On the path to the future, there are some important needs to be considered. Although a massive amount of data is now being collected on the distribution system, not all of it has practical applications as yet. "We are still looking for world-class ways to use the new data," Uluski said. "This includes using AMI data, which has great potential but few real applications. We also need new applications for data mining, and new analytics for improved distribution performance."
And, as with so many other aspects of the evolving intelligent grid, there comes the need for standards. Although integration standards such as CIM (Common Information Model) are under way, they are not yet fully realized. As well, Uluski said, "Standards for the DMS applications do not exist at all, so there is a lot of customization work, which increases cost and risk to utilities."
Looking to the future
I asked Uluski what he saw in the future for DMS as it evolves.
"The basic DMS building blocks will always be there: a nearly real-time interface to field devices for continuous monitoring and control, analytics to support improved decision-making and automatic control, and enterprise integration that will enable the DMS to interoperate seamlessly with other essential corporate business systems such as GIS, asset management, workforce management systems, etc.," he said.
Currently, there is considerable variation in how these basic DMS building blocks are configured: "The design varies between a `centralized' approach, where all analytics physically reside in a distribution control center or remote data center, and a `decentralized' or `distributed' approach, in which the analytics reside in a processor (or multiple processors) that are located in distribution substations or out on the feeders themselves (mounted on poles, pad mounted, or installed in underground vaults)," he said.

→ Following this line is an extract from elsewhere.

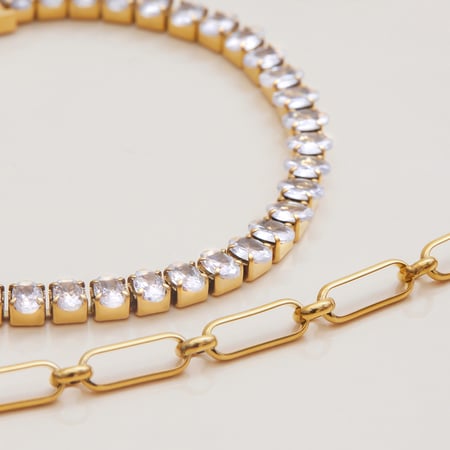 1 Piece Luxurious Series High-end Geometric Stainless Steel Gold Color Women's Chain Bracelets 2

Which design, centralized or decentralized, will ultimately win the day?
Both, Uluski said. "Most of today's distribution automation (DA) and distribution management systems include a mix of centralized and decentralized components (a `hybrid' arrangement), and this is most likely a trend that will continue," he noted.
"DA/DMS applications that require fairly high-speed automatic control actions (responding in a few seconds)-for example, fault detection isolation and restoration-may be handled by decentralized components," he said. "Applications that primarily support operator decision-making and do not require high-speed control of field equipment (such as switch order management) will most likely be centralized."
The final key? "Regardless of the approach used, it is essential that the analytics use the latest (as operated) state of the distribution system and that the operators are always kept informed of any automatic control action," Uluski stressed.